This may be due to a learning rate too high, see https://github.com/DLR-RM/rl-baselines3-zoo/issues/156#issuecomment-910097343; do you use the default hyperparams?

Also related (and probably duplicate): https://github.com/DLR-RM/stable-baselines3/issues/1401 and https://github.com/DLR-RM/stable-baselines3/issues/1418

ZJEast commented 7 months ago

yes, I use the default hyperparams, I try different learning rate later.

araffin commented 7 months ago

Hello, thanks for sharing the bug report. Does the NaN happen only for some runs or for all runs? Could you log and share a failed run using W&B? (that would allow us to take a look at all the logged data)

I also assume you are using pybullet gymnasium repo?

I'll try to reproduce the issue in the meantime.

Also related: https://github.com/DLR-RM/stable-baselines3/issues/1372 changing to AdamW might solve the problem too.

ZJEast commented 7 months ago

I have tried TD3, SAC, TQC on some pybullet envs. And it only happens for the task I mention, the others is fine. I install pybullet env by 'pip install -r ./requirements.txt' .

I can upload some log file.

sac-AntBulletEnv-v0.zip sac-HalfCheetahBulletEnv-v0.zip tqc-AntBulletEnv-v0.zip tqc-HalfCheetahBulletEnv-v0.zip

araffin commented 7 months ago

Thanks =)

Looking at the log it seems to be due to an explosion of std (and you are using a much larger budget that the one we were using by default). So, setting use_expln=True (and maybe using AdamW) should solve your issue.

I would appreciate a PR that adds this parameter =)

Hmm, for TD3 it is weird if it happens as it doesn't rely on any distribution.

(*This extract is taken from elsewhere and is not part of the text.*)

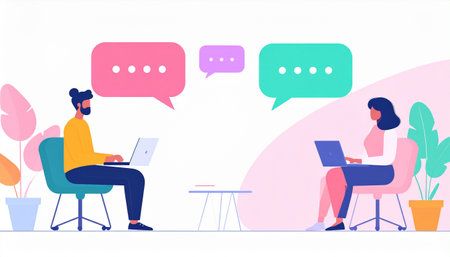 People with laptops and speech bubbles. Vector illustration in flat style.のイラスト素材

EDIT: I guess the issue is similar to https://github.com/Stable-Baselines-Team/stable-baselines3-contrib/issues/146 by @qgallouedec

qgallouedec commented 7 months ago

Bug already encountered in openrlbenchmark, ~I might have forgotten to report it~: https://wandb.ai/openrlbenchmark/sb3/runs/27cez5ua EDIT: I did report it, you're right @araffin ;)

qgallouedec commented 7 months ago

For TD3, I only found two runs where you have an explosion of the losses, but this didn't lead to the bug: https://wandb.ai/openrlbenchmark/sb3/runs/2qdjqemd (Walker2DBulletEnv-v0) https://wandb.ai/openrlbenchmark/sb3/runs/ffc7kx3m (BipedalWalkerHardcore-v0) What a wonderful tool openrlbenchmark is, ping @vwxyzjn ;)

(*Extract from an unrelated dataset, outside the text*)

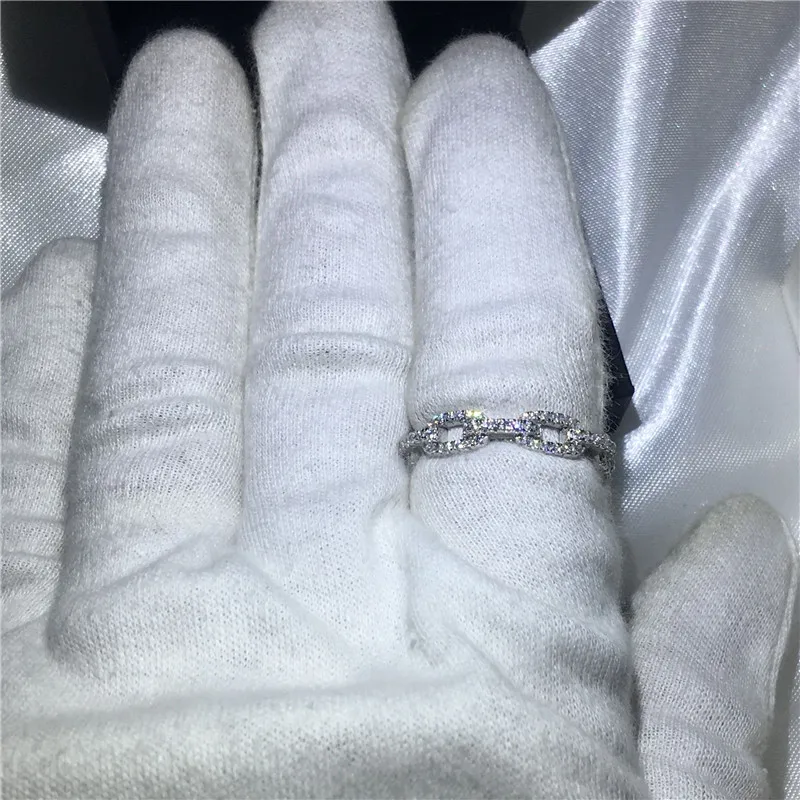 

Vecalon Luxury Jewelry 100% Soild 925 Sterling Silver ring 5A Zircon Cz Chain Shape Engagement wedding Band rings for women men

ZJEast commented 7 months ago

after I change the hyperparams from

policy_kwargs: "dict(log_std_init=-3, net_arch=[400, 300])"

to

policy_kwargs: "dict(log_std_init=-3, net_arch=[400, 300], use_expln=True)"

this problem never happens again, so let's close this issue

araffin commented 7 months ago

Thanks for trying out =) i'm reopening as we need to change the defaults (we would welcome a PR).